Nice bunch of fish. WTG.


----------



## Jim Stedke (Dec 5, 2005)

Andy, Here I thought I liked you !!! 

Way to go bud... a day for the memory bank.


----------



## keepinitreel (Apr 11, 2004)

Nice job Andy. I am planning to go next week but was not sure where to start. Crane Creek vs Catawba. Did you quad out there or walk?


----------



## c. j. stone (Sep 24, 2006)

keepinitreel said:


> Nice job Andy. I am planning to go next week but was not sure where to start. Crane Creek vs Catawba. Did you quad out there or walk?


X2! And roughly the location-obviously Catawba(how far, due west, nw?) 2.5 NW was a good spot last Sat. Just wondering if they have moved. Thx


----------



## osteo (Feb 8, 2014)

those some nice eyes da-animal must have been a blast


----------



## da-animal (Aug 19, 2010)

keepinitreel said:


> Nice job Andy. I am planning to go next week but was not sure where to start. Crane Creek vs Catawba. Did you quad out there or walk?

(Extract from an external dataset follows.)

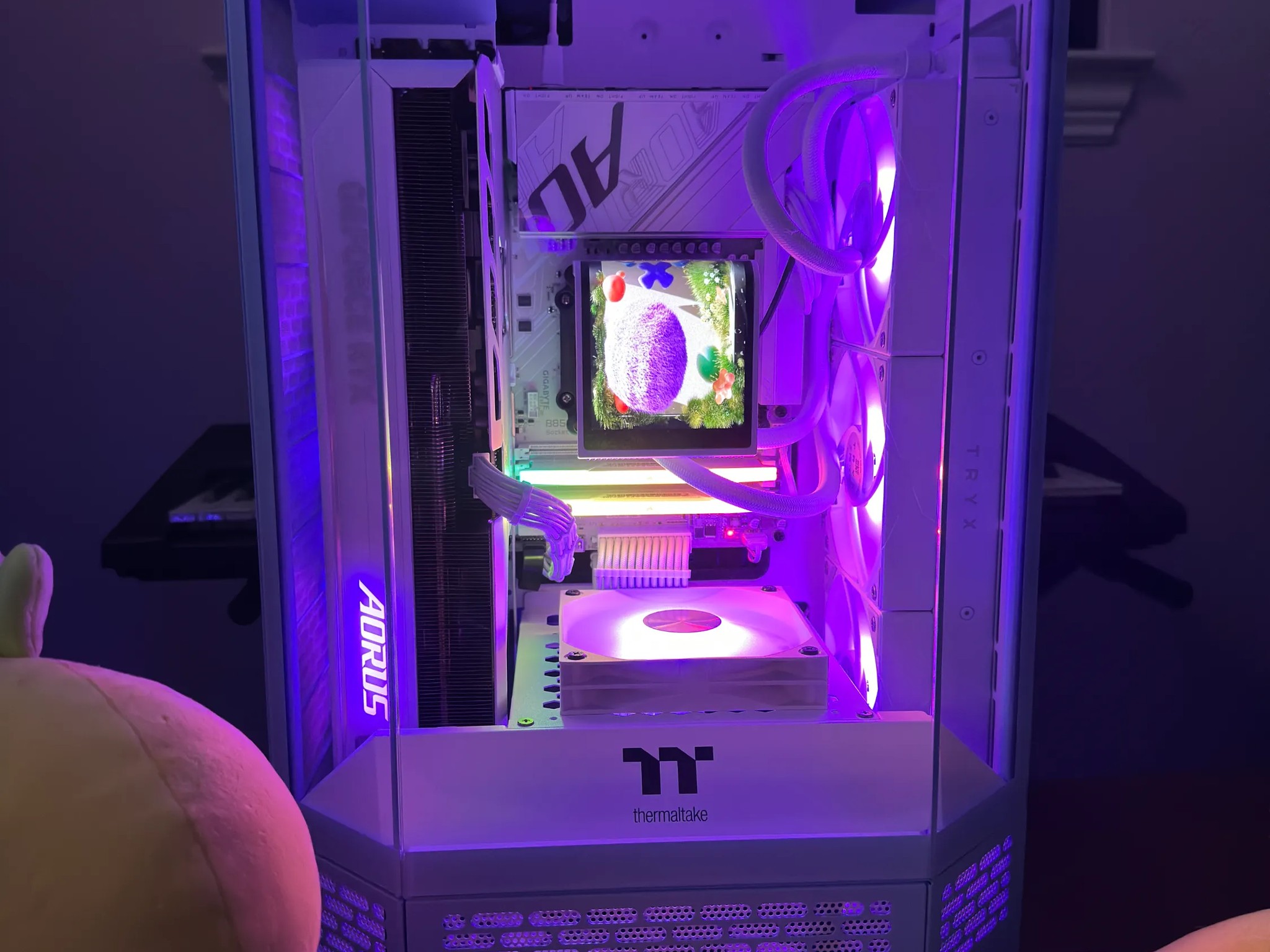 Hydrangea Blue 7800x3d Aoursmaster white RTX 5080 TRYX AIO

We walked and let me tell you it was rough walking in the snow and pulling that sled full of fish, my legs are killing me now, some spots the snow is still soft 6-8 inches. We fished same spot 1.8 miles north of catawba


----------



## AngerManagment (Jul 10, 2009)

Nice work Andy... Save some eyes for me. hahahaha


----------



## 2CatchEyes (Apr 11, 2008)

Congrats!! That's some good fishing.


----------



## sherman51 (Apr 12, 2011)

great job, you guys catch them now and i'll have to catch mine this summer. just not set up for that kind of ice fishing, and wouldn't know where to start anyway. I have bad legs and couldn't walk out to fish anyway. so you just catch what you want and have fun. just don't catch all of them, LOL.
sherman


----------



## da-animal (Aug 19, 2010)

AngerManagment said:


> Nice work Andy... Save some eyes for me. hahahaha


Hey Ryan, I'm still trying to catch up with you from the past summer months out of Geneva/ashtabula lol


----------



## MoFishing (Dec 15, 2011)

great job guys, that's a nice bunch of fish....

dale


----------



## Gill (May 9, 2007)

Nice catch. Gotta love it when the the bite is hot.


----------



## Treeman (Nov 23, 2010)

Good job Andy! That was funny the two times we tried to talk on the phone yesterday, you got hooked up. I'd have to say, I was a little jealous. Lol
Maybe I'll get out there one time this season. I'm not lazy but not sure if I feel like dragging a sled out that far. I already have a day job. Lol


----------



## Tommybouy (Jun 5, 2005)

Awesome! Big, Big Day!

Yesterday was very low wind in Dublin, OH. and the sun was out - I bet it was perfect conditions on the ice yesterday. !%

Congrats!


----------



## Queen Bee (Feb 22, 2010)

nice job da aminal awesome catch,,,


----------



## lomssl (Mar 25, 2006)

Congrats!!! WTG :G


----------



## phishyone1 (Jun 27, 2008)

Put the smack down on em..................... Had to be a blast! congrats on some nice fish


----------



## tomb (Oct 9, 2004)

Great going Andy and group. Congrats to your dad!


----------



## da-animal (Aug 19, 2010)

Thanks guys


----------



## Carpman (May 18, 2005)

Very nice guys!!!!!! 

Hopefully this weather holds for another month. Nothing like pulling some hogs out of the ice!!!


----------



## JC heir (Dec 6, 2013)

Congrats Andy, Im green with envy!


----------